Die hat Sorgen, denken Sie jetzt vielleicht. Das ist doch ein Luxusproblem. Das stimmt. Aber ich bin nicht die erste, die sich Sorgen um zu viel alkoholische Getränke machen muss.

In der Bibel wird eine Geschichte davon erzählt. Nicht zu viel Sekt, sondern viel zu viel guter Wein ist das Problem. Und das kam so: Jesus war auf einer Hochzeit eingeladen. Der Wein drohte auszugehen. Irgendjemand flüsterte das Jesus ins Ohr und plötzlich waren sechs große Wasserkrüge voller Wein. 600 Liter waren das. Sie können es unmöglich alles an dem Abend noch ausgetrunken haben.

Das war das erste Wunder Jesu. Ein Luxuswunder, könnte man sagen. Nicht für die Armen und Kranken, sondern für fröhlich Feiernde hat Jesus dieses Wunder getan. Der Wirt hat als einziger gemerkt, dass da plötzlich wieder etwas zum Ausschenken da war. Und auch, dass dieser Wein viel besser war als der, den sie bisher getrunken hatten. „Jedermann gibt zuerst den guten Wein, und dann wenn sie betrunken sind, den geringeren“ wundert er sich.

Der Mann versteht etwas vom Wein und auch von denen, die trinken.

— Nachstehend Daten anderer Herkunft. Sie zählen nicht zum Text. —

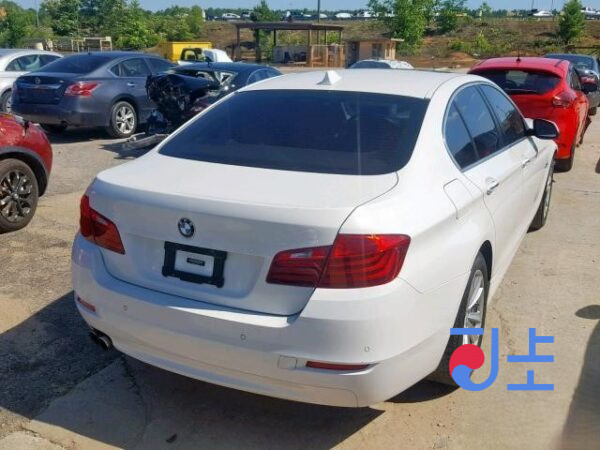 2015 BMW 5-Series 520d xDrive White — WBA5E7102FG154088 - Image 4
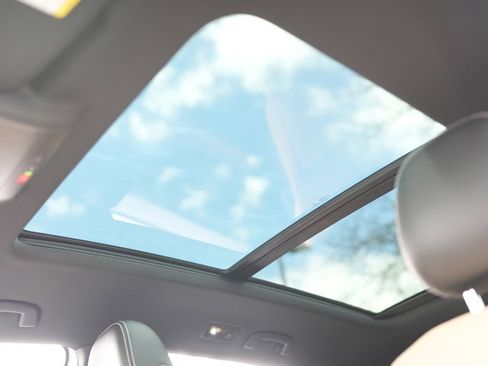 Used 2022 Volkswagen Atlas Cross Sport SE AWD/4WD image 24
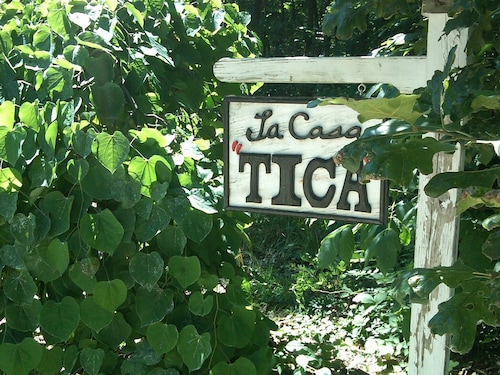 Romantic Modern Casita Nestled In The Woods. PET FRIENDLY!!   Close to Beach 🏖️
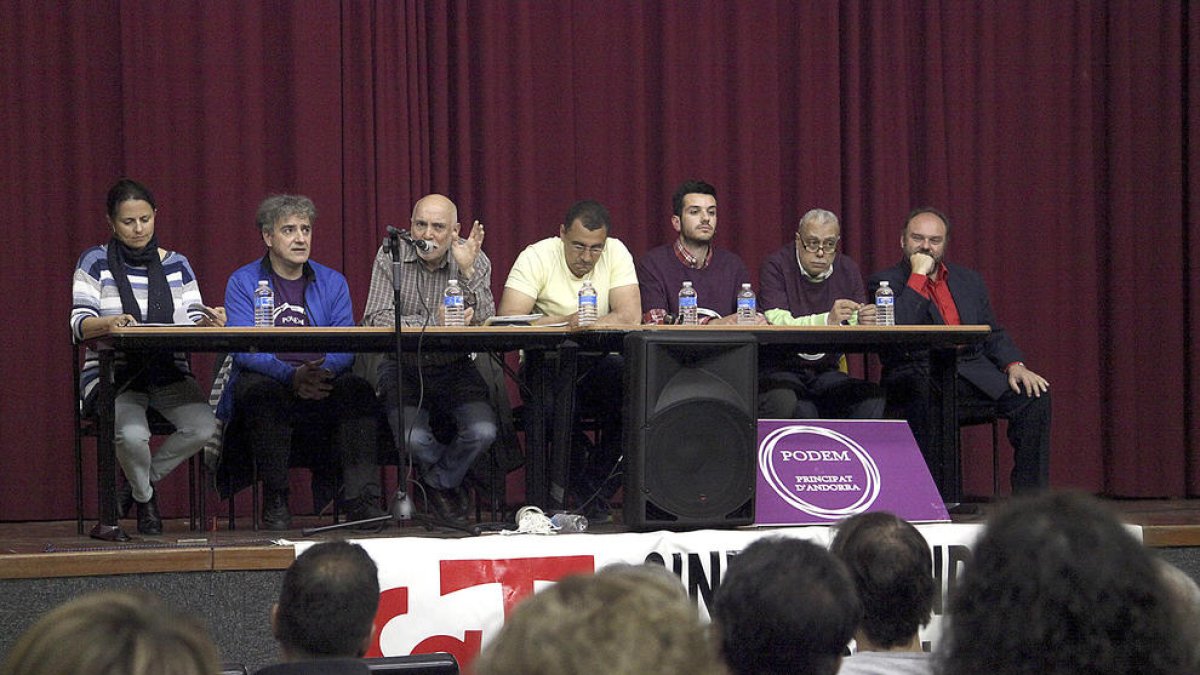 Només hi ha 16 delegats de personal elegits a empreses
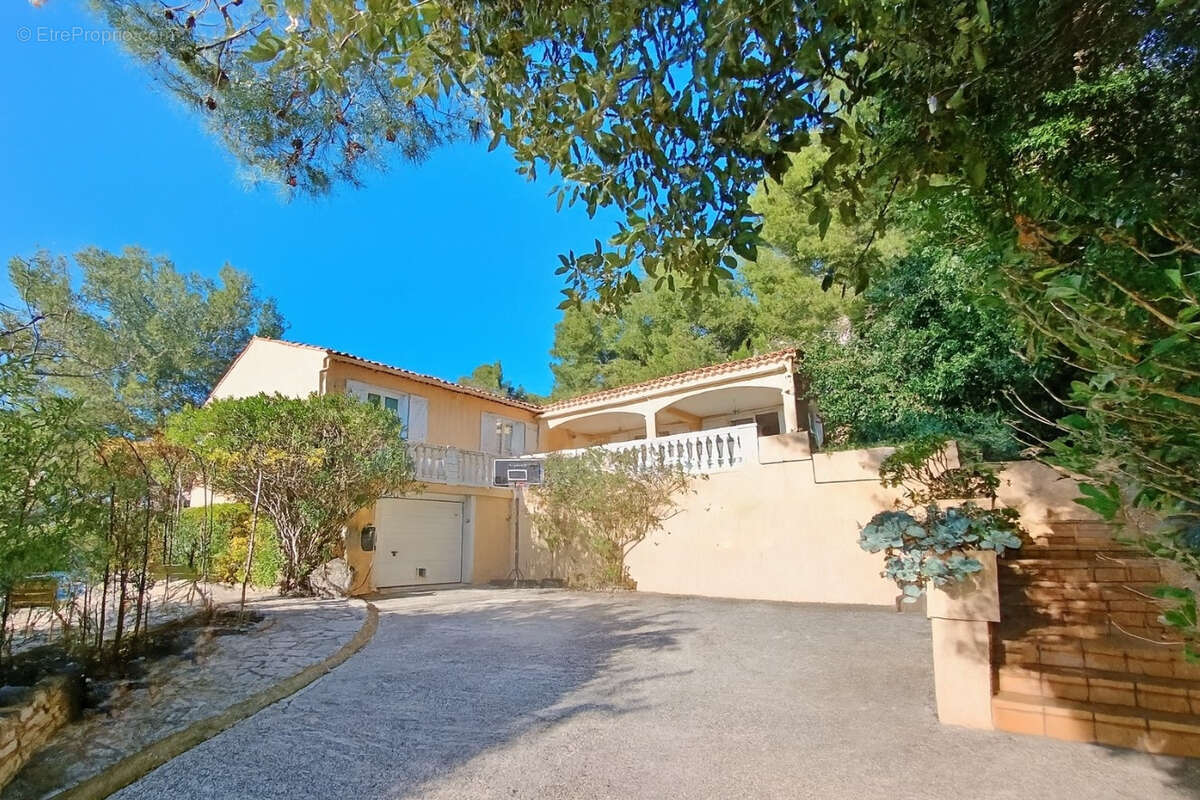 Maison à HYERES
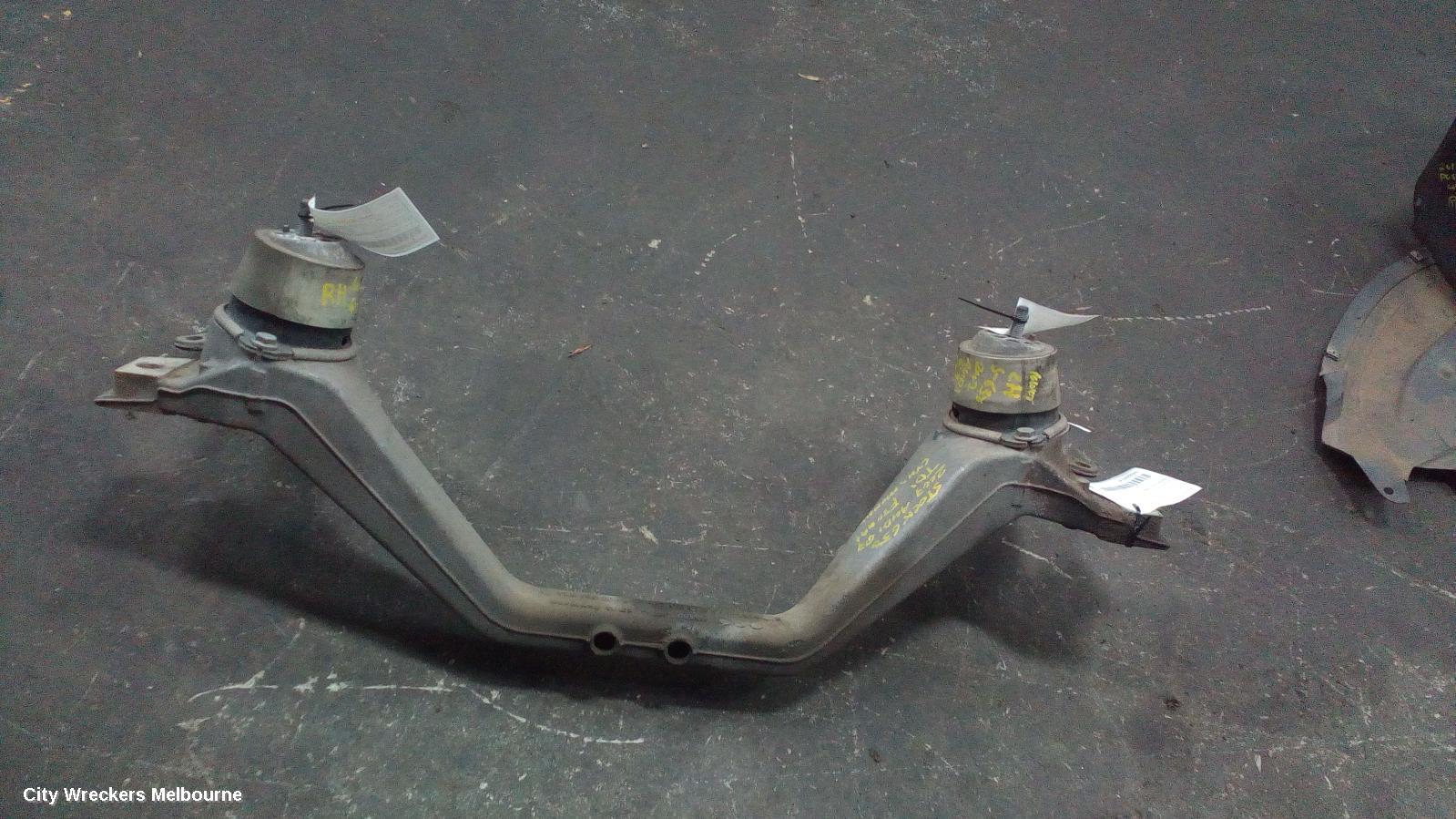 AUDI Q7 MOUNT, ENGINE MOUNT (LH SIDE), DIESEL, 3.0, TURBO, 4L, 09/2006 - 08/2015
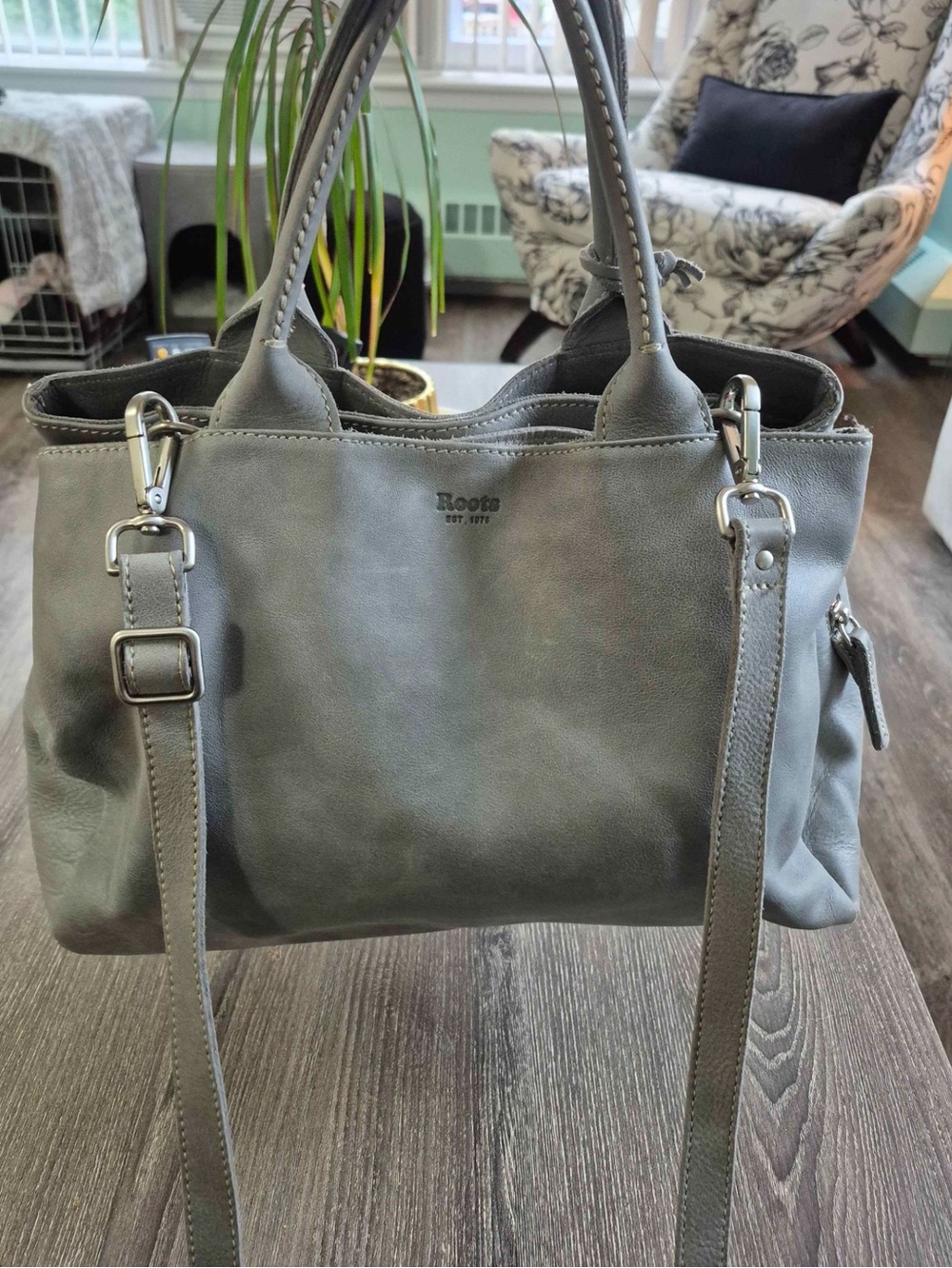 Roots Mont Royal Genuine Leather Bag  detachable straps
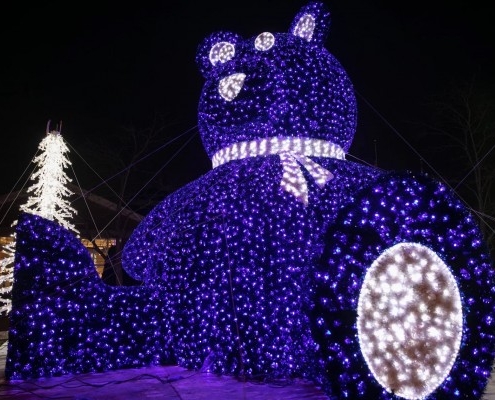 R&K Decorations - oversize lighted teddy bear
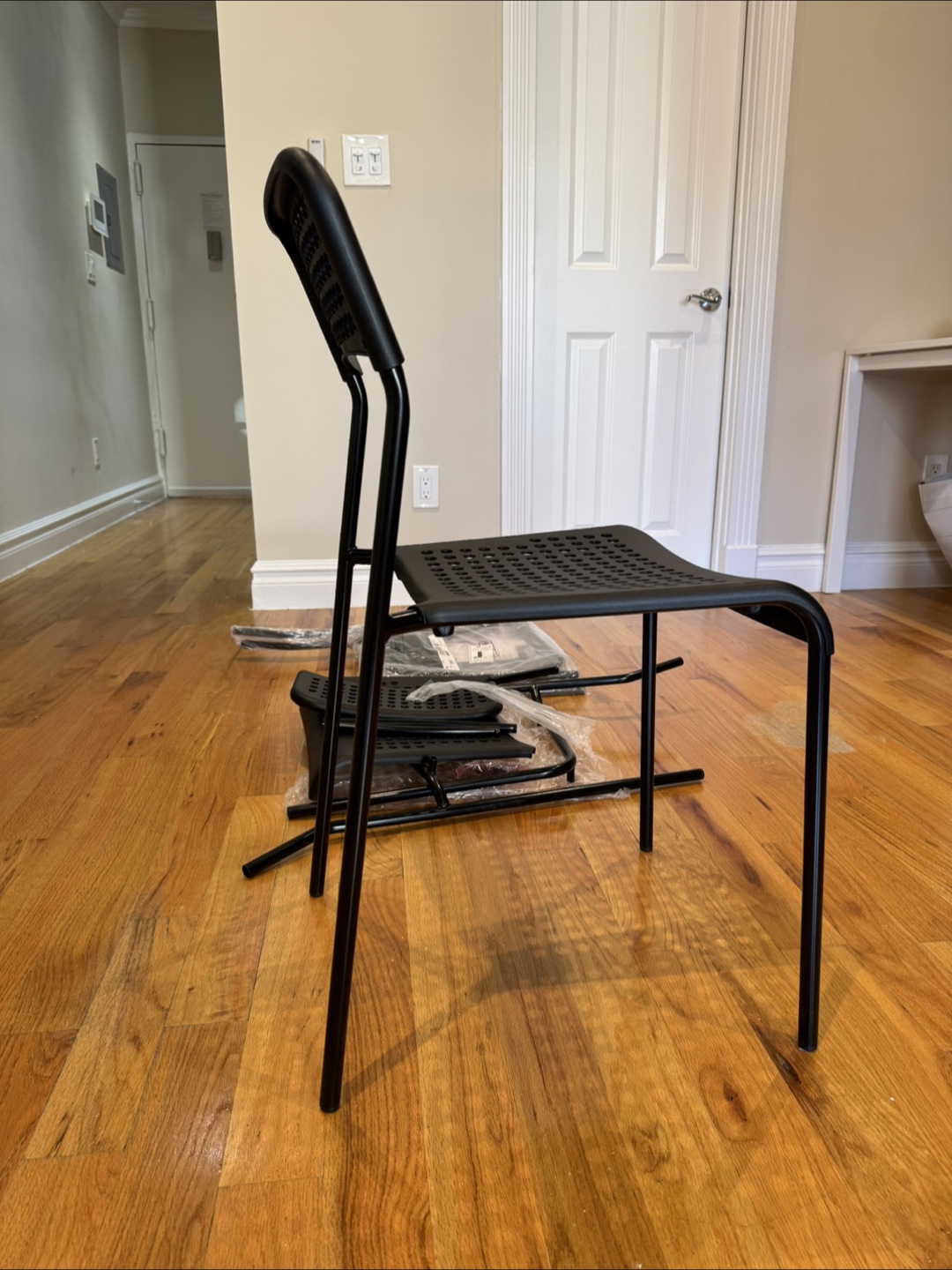IKEA ADDE Black Chair - Like New! - photo 3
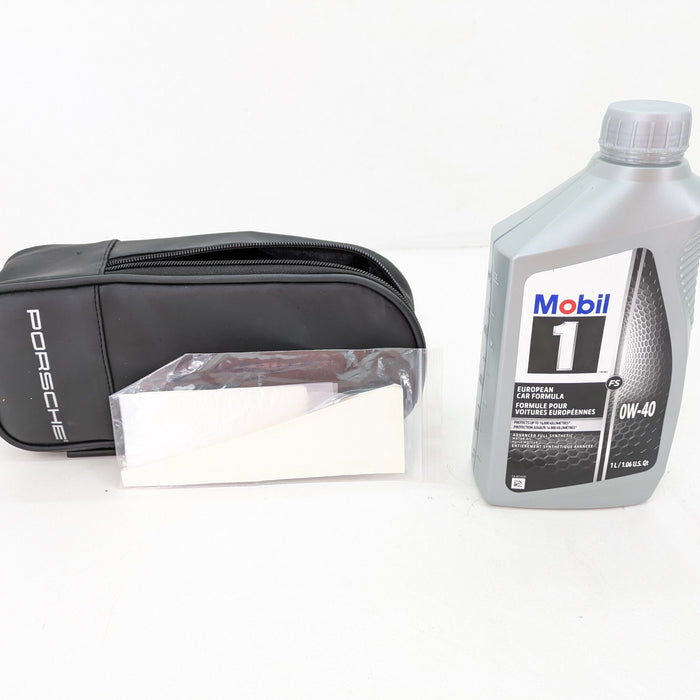 Porsche 991.2 911 GTS Emergency Oil Kit & Leather Case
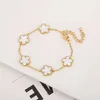 Bracelet en acier inoxydable perlé vendant un nouveau trèfle de plante bracelet réglable à cinq feuilles coquille de fleur en acrylique bijoux à face unique pour les femmes 240423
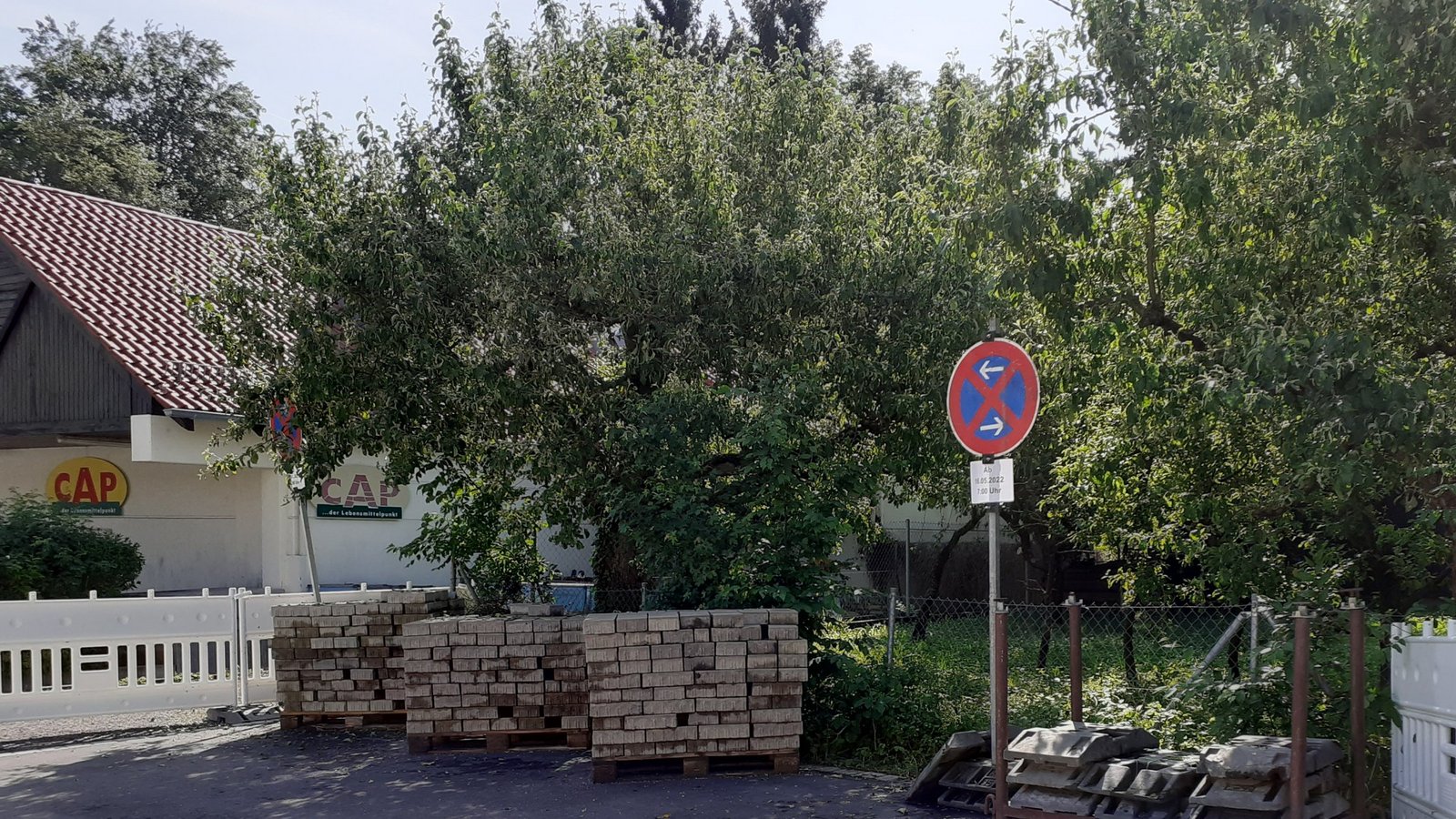 Auf einer Grünfläche an der Ecke der Tal- mit der Reichstraße in der Sersheimer Ortsmitte soll nach dem Willen des Gemeinderates vorübergehend bezahlbarer Wohnraum geschaffen werden.  Foto: Glemser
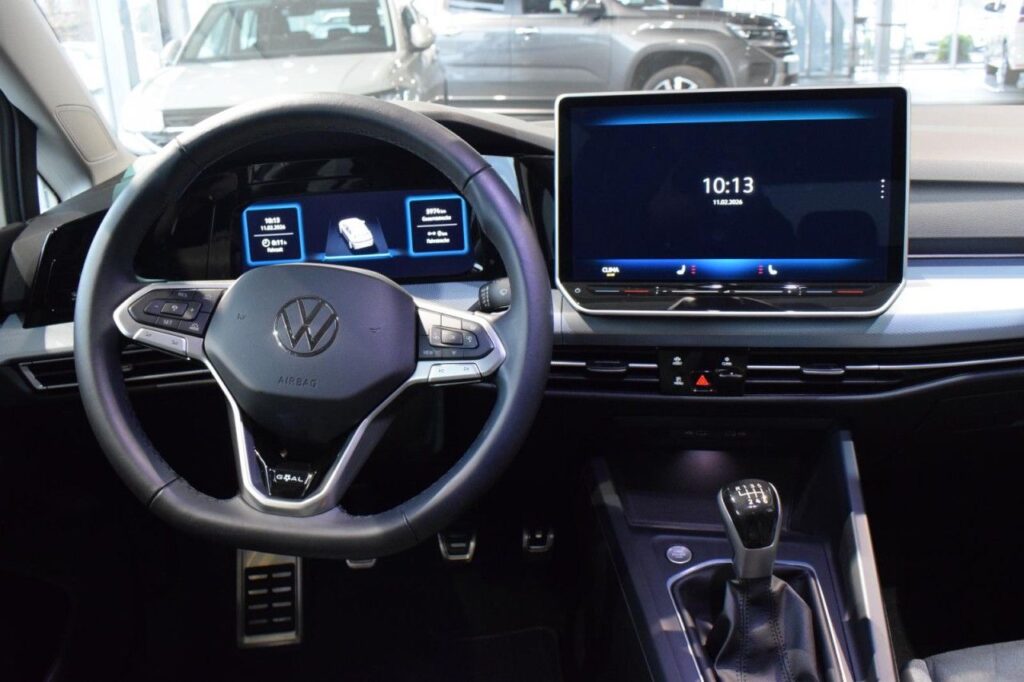 Volkswagen Golf Exposé-Bild 14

Er weiß, dass manchmal nur die Menge zählt und nicht die Qualität. Beim Wein und auch in manchem Leben. Immer nur die Frage nach dem Wie viel? und Wie lange? statt der Frage nach dem Was? und dem Wie?

Als Jesus sich zum ersten Mal zeigt, als Gast auf einer Hochzeit, herrscht keine Not. Hungrig ist keiner mehr und zu trinken haben auch schon alle gehabt. Aber was, wenn es jetzt nichts mehr geben würde? Im Boden des Bechers blickt ihnen schon wieder ihr Alltagsgesicht entgegen.

Jetzt ist der gute Wein da. Mit Jesus kommt das gute Leben. Und keiner merkt es außer einem. Jesus sorgt dafür, dass das Fest nicht endet. Ein Wunder mitten in der Fülle des Lebens, nicht an seinen Rändern. Und die Unterbrechung des Alltags dauert an. 600 Liter Wein von gehobener Qualität. Ein Vorgeschmack auf das gute Leben.

Und was machen sie nun damit? Dasselbe, was ich mit meinen fünf Flaschen Sekt machen werde. Nach und nach austrinken und sich daran freuen. Oder bei jeder Gelegenheit verschenken.